Dans cette revue, deux études (403 participants) ont fourni des données probantes d’un niveau de confiance faible suggérant qu’il pourrait y avoir peu ou pas de différence en administrant le fer par voie intraveineuse sur : le nombre de personnes qui ont eu besoin d'une transfusion sanguine allogénique (RR 0.90, IC à 95 % 0,73 à 1,11), le volume de sang transfusé (DM -0,07 unités de CGR, IC à 95 % -0,31 à 0,17), l'infection (RR 0,99, IC à 95 % 0,55 à 1,80) ou la mortalité dans les 30 jours (RR 1,06, IC à 95 % 0,53 à 2,13).
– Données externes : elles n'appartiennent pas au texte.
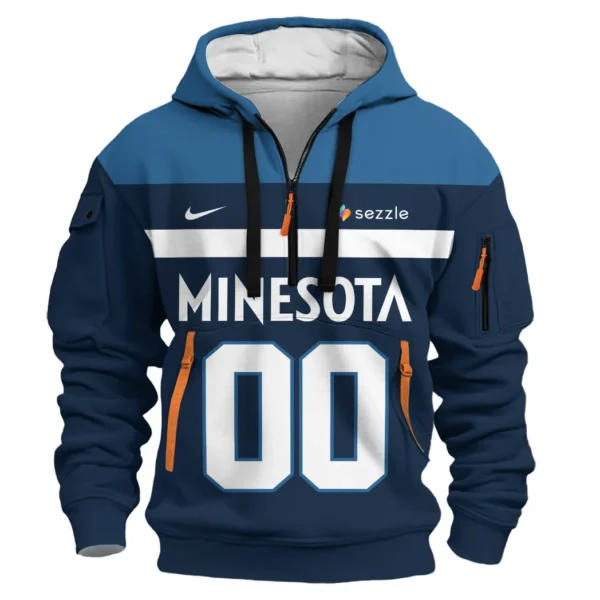 Fan Gift Hoodie Half Zipper, Sports-Inspired Logo Design HVN1026 - Image 2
Il pourrait y avoir peu ou pas de différence en ce qui concerne le delirium (25 événements dans le groupe fer contre 26 événements dans le groupe témoin ; 1 étude, 303 participants ; données probantes d’un niveau de confiance faible). Nous ne sommes pas certains qu'il y ait eu une différence au niveau de la QVLS, étant donné qu'il n'y a pas eu d'estimation de l'effet. Les conclusions sont largement cohérentes d'une revue à l'autre. Nous avons abaissé les données probantes pour cause d'imprécision, car les études incluaient peu de participants, et les IC larges indiquaient un bénéfice et un risque possibles.
Aucune revue n'a rapporté de critères de jugement concernant le dysfonctionnement cognitif, les AVQ ou la QVLS.